In http://gtoolkit.com we've added Socket>>setCloseOnExec: which does just what you suggest above.

Perhaps this should be added to Pharo :-).

gtoolkit.com
Home
Glamorous Toolkit is the moldable development environment.

Rinzwind commented 1 year ago

Ah yes, would be good to add that to Pharo: I see the implementation is in ‘GToolkit-Utility-File’, as an extension on Socket which delegates to a corresponding method on SqSocket.

As for the alternative I had in mind of explicitly mapping the file descriptors, I’ve noted there’s a method #closeAllButStandardFileStreams in OSSubprocess though it’s not actually implemented.

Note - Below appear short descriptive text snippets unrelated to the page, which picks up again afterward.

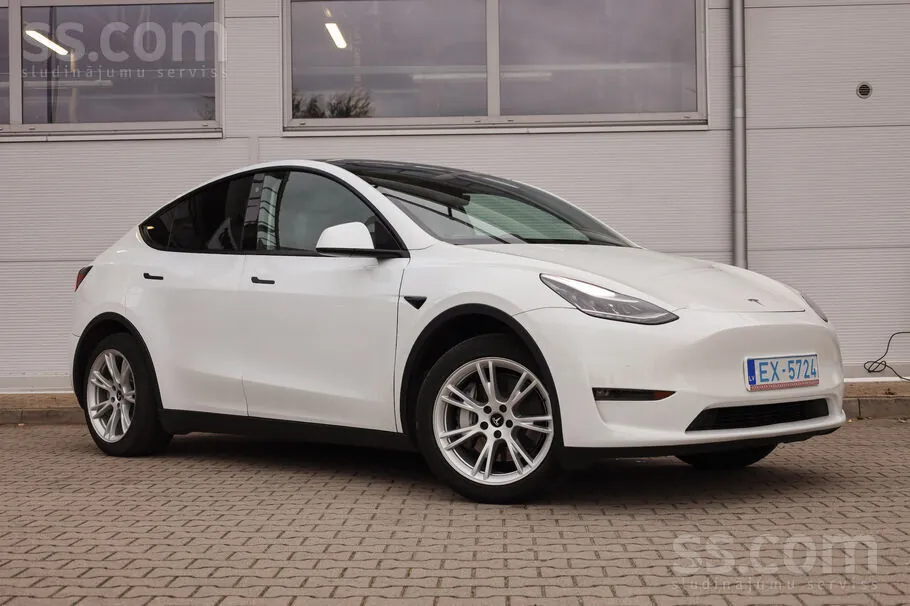 Tesla Model Y 2020 photo 4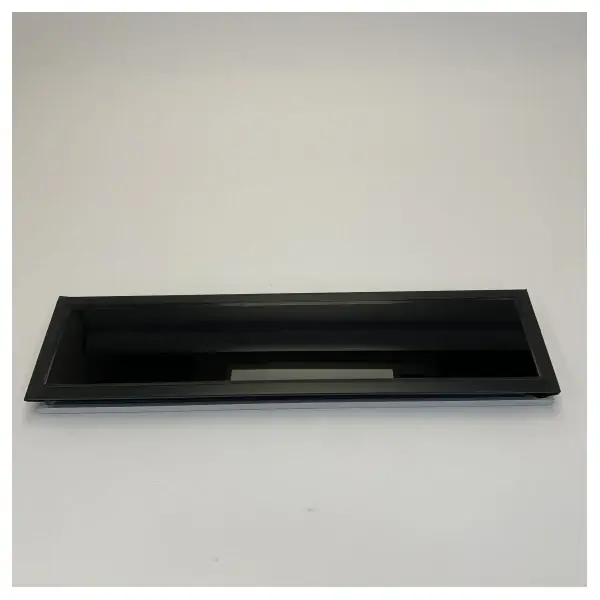 Retour Gratuit Lewmar Flush Mitre Portlight 150x600mm Dark Grey Black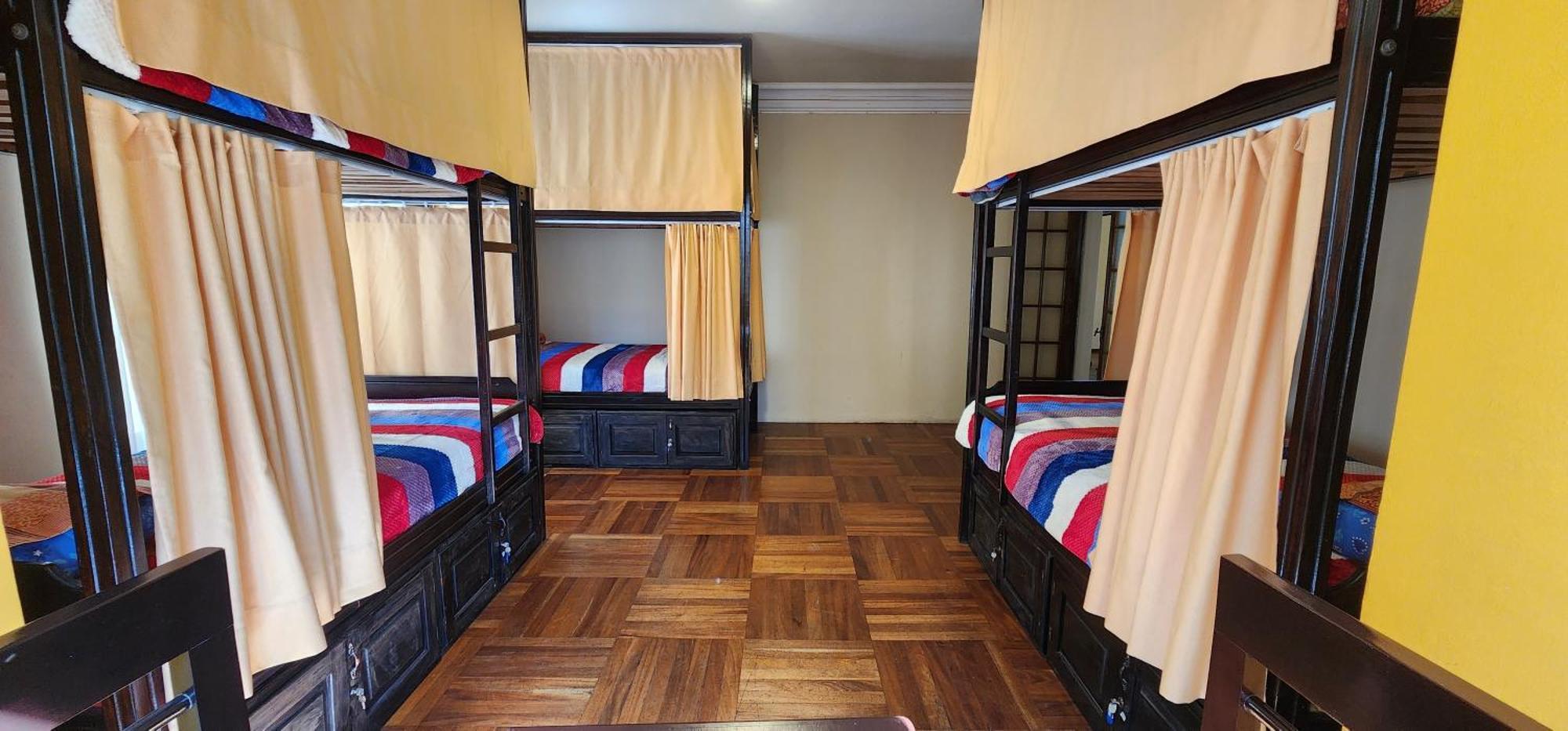 Raven La Paz Hotel Kültér fotó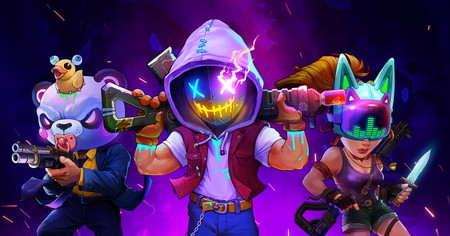 Neon Abyss: huevos a lo Yoshi y sinergias en un roguelike que me ha ido ganando poco a poco con su demo en Steam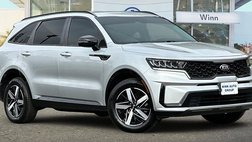 2021 Kia Sorento S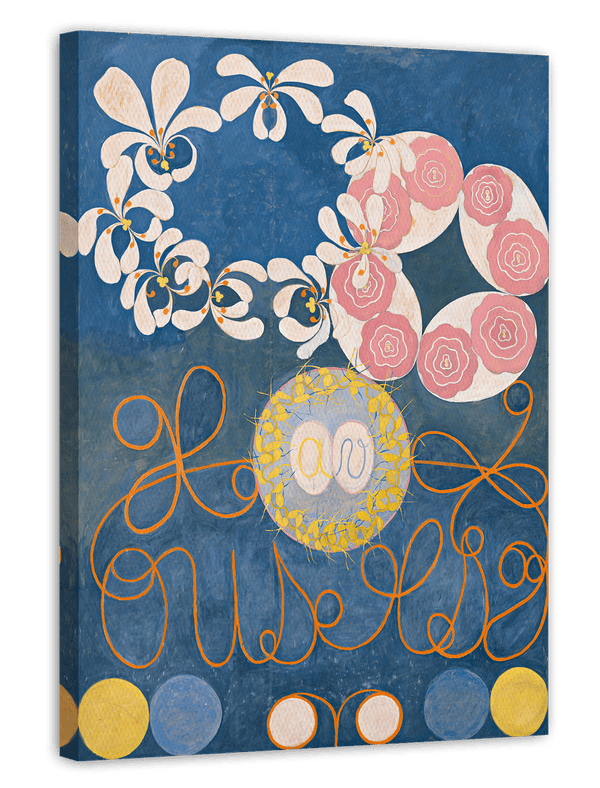 Hilma af Klint - The Ten Largest, No 1 (1907)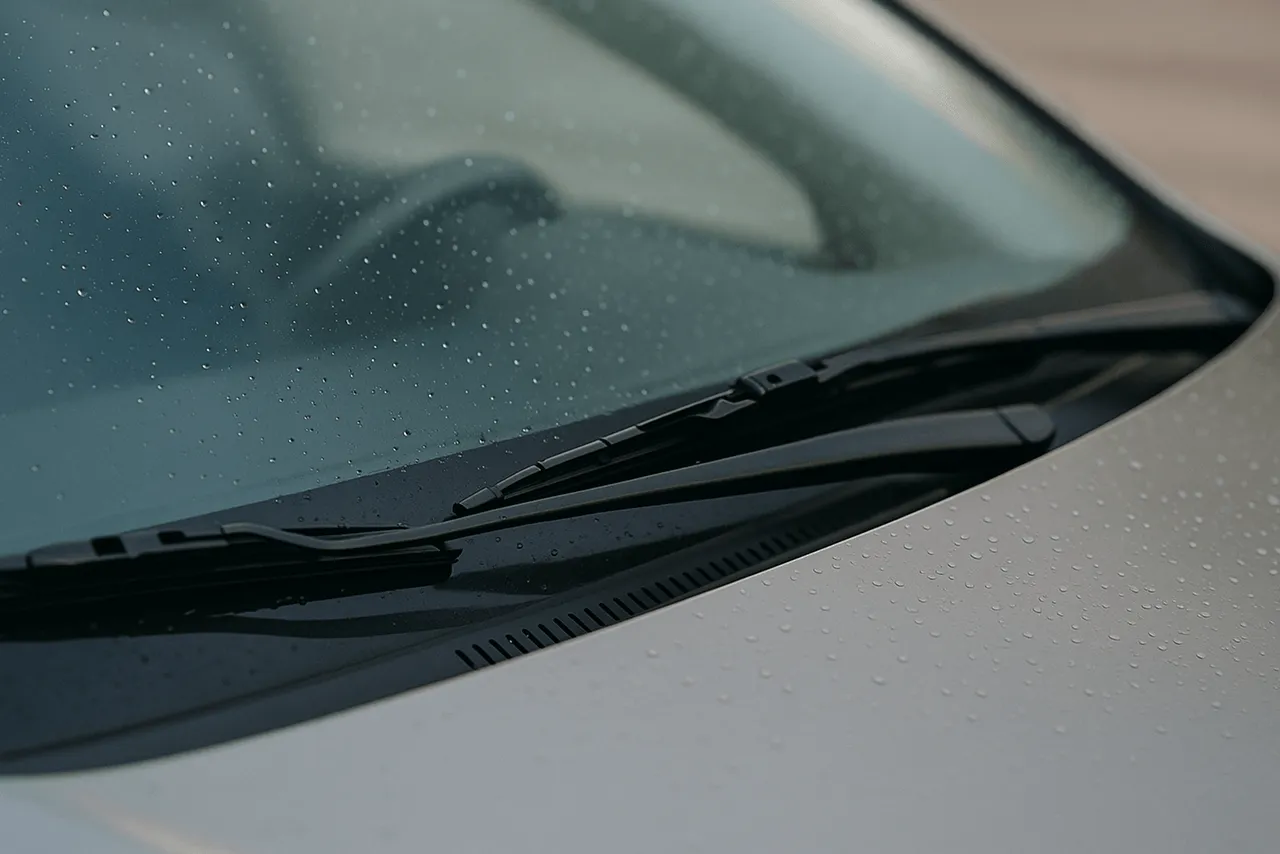 Manfaat mengangkat wiper mobil saat parkir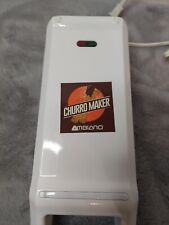 Ambiano Churro Maker SW2007CH Great Condition Works Great. for sale  Shipping to South Africa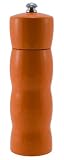Vic Firth 7-Inch Pepper Mill, Electric Orange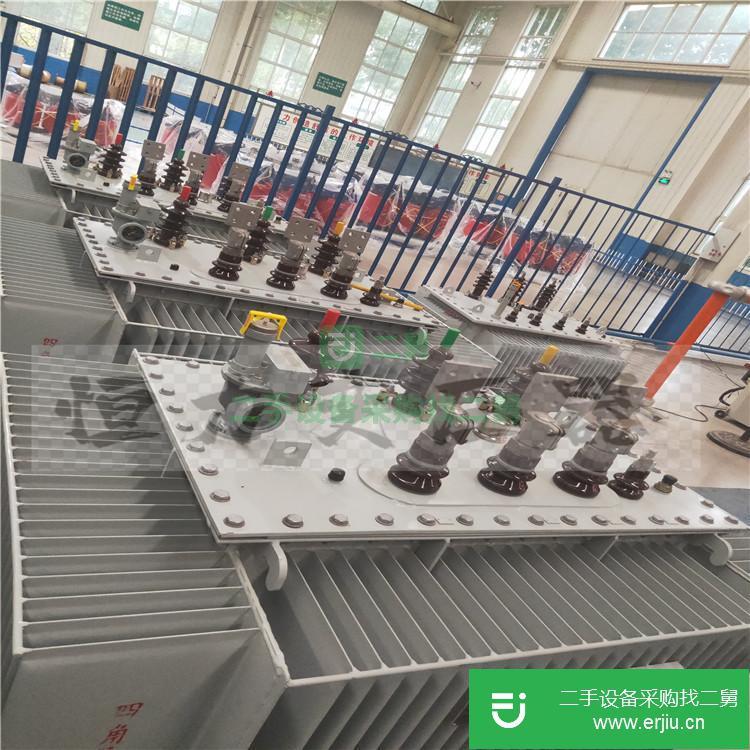 山東出售油浸式變壓器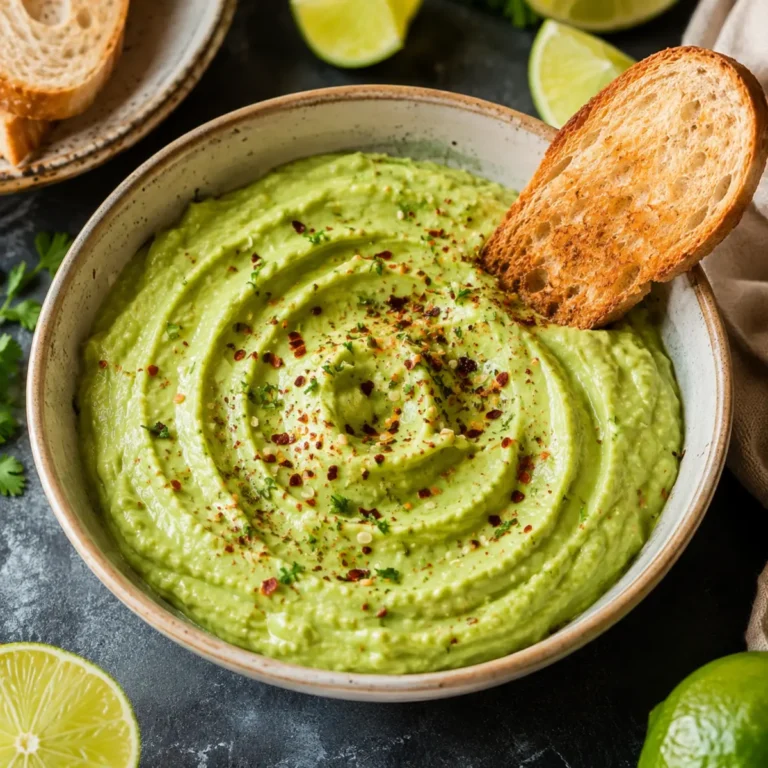Feine Avocado Creme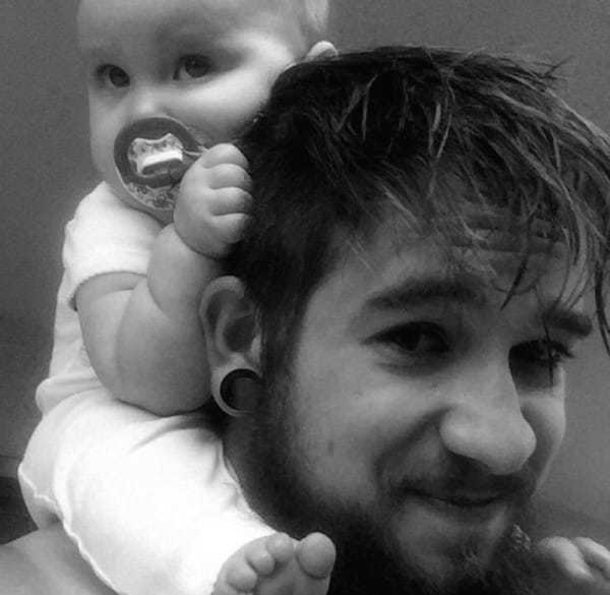 A Mother Abandons 1-Month Old, Then Dad Writes THIS Letter To Her On Facebook - picture 4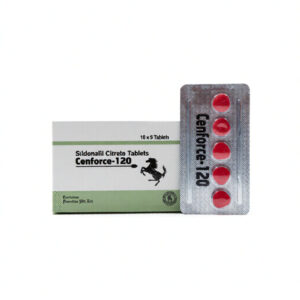 Cenforce 120 mg Tablet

OSSubprocess makes use of posix_spawn; the functions for manipulating the file_actions unfortunately don’t seem to provide a way to close a range of file descriptors. The rationale for close in POSIX.1-2017 also says “The standard developers rejected a proposal to add closefrom() to the standard […] it is not possible to standardize an interface that closes arbitrary file descriptors above a certain value […].”

daniels220 commented 10 months ago

I would strongly support integrating this in base Pharo, and in fact making it the default for new FDs (file and socket both), requiring a setCloseOnExec: false[^2] to get the old behavior. I suggest this because there is a potential race condition when one Process opens a file/socket, then sets FD_CLOEXEC, while another forks a child process. Presumably if the one doing the fork wants the FD inherited, there would be no race condition with them clearing FD_CLOEXEC before forking[^1]. So rather than add an extra argument to a huge number of methods—consider all the implementors of [binary]writeStream[Encoded:][do:]!—it seems better to apply a safe default, then have a single point of entry to change it back.

I see in the code that GT is using a custom primitive for fcntl(), noting that FFI doesn't support varargs functions on ARM64 (in fact, if my research is correct, it's specifically ARM64/macOS that is different). For anyone wishing to use this code in their own application without loading, presumably, a binary plugin, it appears that on x86_64, a varargs function is called just like a fixed-args function declared with that exact pattern of args—that is, calling fcntl(my_fd,F_SETFD,existing_flags|FD_CLOEXEC) works exactly as if fcntl() was declared as int fcntl(int fd, int cmd, int arg), even though in fact the declaration is int fcntl(int fd, int cmd, ... /* arg */ ). So we can declare the FFI method this way, bypassing the lack of explicit varargs support:

fcntl: fileDescriptor _: cmd _: arg
    "Perform the specified fcntl command."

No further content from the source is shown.